On s’est mis à monter des expositions itinérantes, à tenir un stand aux
fêtes patronales où l’on présentait nos outils de pierre et où l’on
parlait de la vie de la rivière, de l’eau, de la terre. »
L’association crée ensuite un poste de « technicien rivière », pour le
suivi hydrographique du territoire. Mais cela ne fonctionne pas bien : « Les gens apprécient rarement que l’on critique leurs habitudes ou qu’on les pousse au changement. »
En 2000, l’association décide d’être dans l’exemplarité, dans l’action
positive plutôt que dans la critique. Changement de cap, changement de
thématique : à partir des problématiques de l’eau, l’association
« remonte » aux questions de l’assainissement, et donc de l’habitat qui
dégrade la ressource aquifère. Les membres de Pierre & Terre se
documentent et expérimentent les techniques de construction qui
réduisent le plus possible l’impact environnemental des habitations. Le
groupe de Gersois s’ouvre aux réseaux alternatifs pour devenir un centre
de ressources en éco-construction.
Matériaux locaux et artisans du coin
Nomade à ses débuts, l’association finit par s’installer dans des
locaux. En 2002, elle occupe la gare SNCF désaffectée de Riscle (Gers).

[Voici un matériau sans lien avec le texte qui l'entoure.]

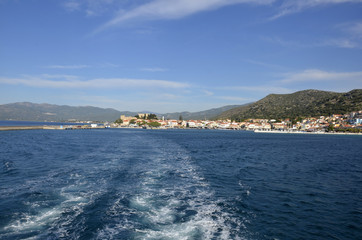 Fototapeta na wymiar Ferry de Samos à Fourni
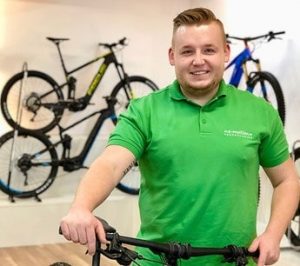 • Leasing & Finanzierung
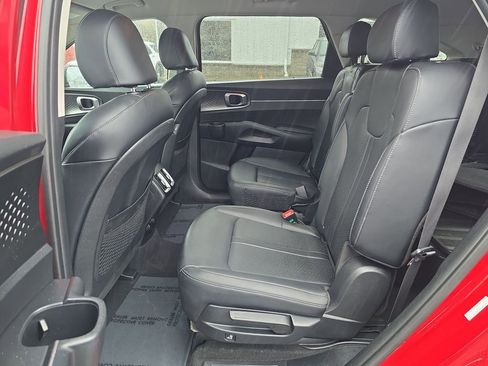 Used 2023 Kia Sorento EX image 32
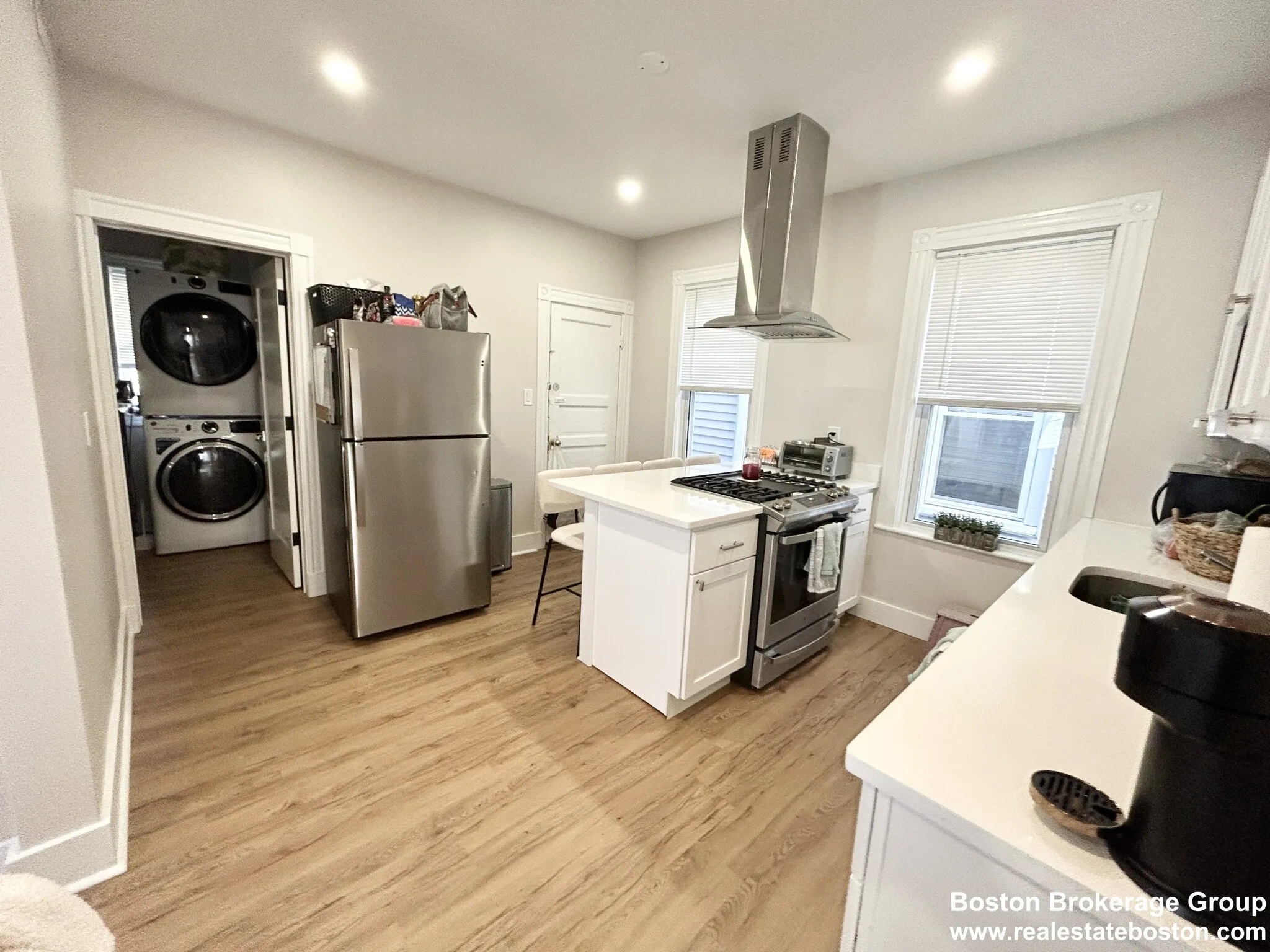 4 bed, 1.5 bath apartment for rent at 74 Marine Rd Unit 2, South Boston — photo 2 of 8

Ensuite, Pierre & Terre récupère les anciens « bains douches »
abandonnés de la commune. Mais la nécessité de pouvoir mettre
directement en pratique les préconisations de l’association, et de
s’installer dans un lieu qui illustre l’ensemble de la démarche
d’amélioration de l’habitat, se fait rapidement sentir. Le site de
l’ancien lycée agricole de Riscle, friche industrielle cible du
vandalisme local, offre enfin l’opportunité de valoriser un terrain
abandonné depuis cinq ans et d’en faire une vitrine des savoir-faire de
l’association.
La démarche en écoconstruction commence bien en amont, car il faut
d’abord détruire l’existant. Mais pas n’importe comment ! Le site est
encombré de bâtisses qui tombent en décrépitude, d’unités en préfabriqué
qui ne peuvent pas être reconverties. Pire, assez rapidement, le site
s’avère contaminé à l’amiante. « L’évaluation d’une démolition
conventionnelle avec les contraintes liées au déflocage de l’amiante,
l’évacuation des gravats, etc, se chiffrait à 400 000 euros, décrit Christophe Merotto. Tout
en respectant l’ensemble des contraintes légales et en y ajoutant des
objectifs écologiques, nous avons ramené la facture de la démolition à
80 000 euros, grâce à la valorisation sur place des matériaux inertes,
ce qui a très fortement réduit le nombre de camions nécessaires à
l’évacuation des gravats du site. »
L’éco-centre en projet se veut ouvert au public, écologique,
économique, exemplaire, avec le plus faible impact environnemental
possible, tant pendant sa construction que lors de son fonctionnement.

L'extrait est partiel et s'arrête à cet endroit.